### RECORDS FOR THE EXERCISE
◇ ◇ ◇ ◇ ◇ ◇ ◇

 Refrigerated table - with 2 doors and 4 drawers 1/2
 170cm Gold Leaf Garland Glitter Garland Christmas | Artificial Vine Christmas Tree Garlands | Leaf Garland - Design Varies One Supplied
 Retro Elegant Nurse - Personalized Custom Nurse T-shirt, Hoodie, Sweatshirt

◇ ◇ ◇ ◇ ◇ ◇ ◇

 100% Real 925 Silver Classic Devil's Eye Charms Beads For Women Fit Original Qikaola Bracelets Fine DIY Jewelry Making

◇ ◇ ◇ ◇ ◇ ◇ ◇

### EXERCISE DESCRIPTION
Could you set down, exactly as written, the lines above between the one holding "Refrigerated table - with" and the one holding "Retro Elegant Nurse", inclusive, and nothing more?

### ANSWER TO THE EXERCISE
 Refrigerated table - with 2 doors and 4 drawers 1/2
 170cm Gold Leaf Garland Glitter Garland Christmas | Artificial Vine Christmas Tree Garlands | Leaf Garland - Design Varies One Supplied
 Retro Elegant Nurse - Personalized Custom Nurse T-shirt, Hoodie, Sweatshirt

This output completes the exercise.